There is, of course, speculation that MH370's disappearance is the result of a terrorist attack, an idea made more credible by the fact that at least two of the passengers on board were apparently traveling with stolen or forged passports. However, if the disappearance of MH370 was an attack, whatever group was responsible has been remarkably reticent, avoiding the usual public claims of responsibility for a successful operation.

At least one other source indicates that a UFO made radar contact in the same area minutes before MH370's disappearance, though there appears to be little or no current evidence that the UFO directly crossed the airliner's flightpath. This has prevented absolutely no one from speculating that the plane was abducted, in its entirety, by said UFO.

One should not forget more mundane explanations, of course. Potential explanations include mechanical failure, a serious pilot error, an undocumented missile test or naval exercise that interfered with or destroyed the flight, and/or that the plane simply disintegrated in mid-air. One should not forget the possibility that it was pulled into another dimension through a previously undocumented Sandersonian Vile Vortice (not unlike the Bermuda Triangle), though we find it hard to believe that no one noticed a transdimensional portal in such busy airspace until now.

Or maybe it was eaten by a larger, Southeast Asian version of the Crawfordsville Monster...?
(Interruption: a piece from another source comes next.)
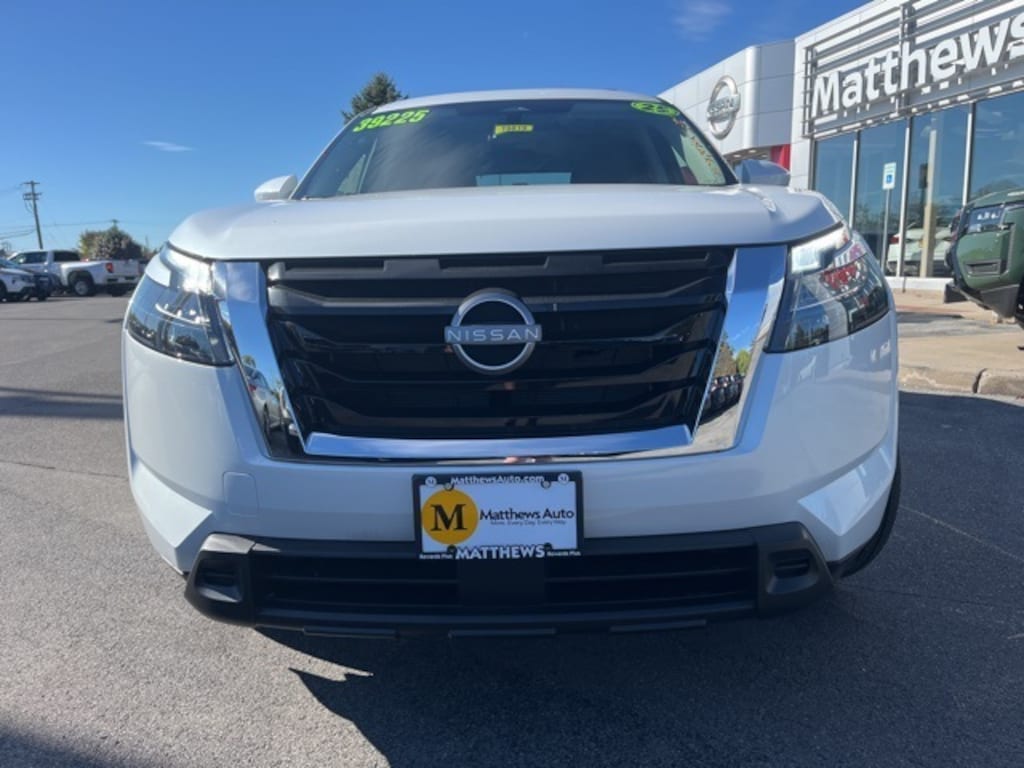 New 2025 Nissan Pathfinder SV SUV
And Then Things Get Weirder

Perhaps the strangest development in all the conflicting reports and esoteric speculation have been the claims from family members of at least 19 of the flight's passengers, alleging that they were able to make contact with the passengers' cell phones well after the flight disappeared. However, the families explained, the calls were silently answered and then hung up each time, at least broadly hinting that the passengers are alive and being held -- somewhere within range of a cell tower -- against their will.

If true, these reports essentially kill the alien abduction and transdimensional portal theories, but do lend some credence to the idea that "the aircraft may have been hijacked by terrorists bearing fake passports and is now secretly stationed at an abandoned Vietnamese airport at this very moment." Honestly, this last seems a little more like a Bond villain than al-Qa'ida, which is probably good if you're planning to build a game around this mystery, anyway.

So, dear reader, what really happened to MH370?

...and how are your players going to find that out?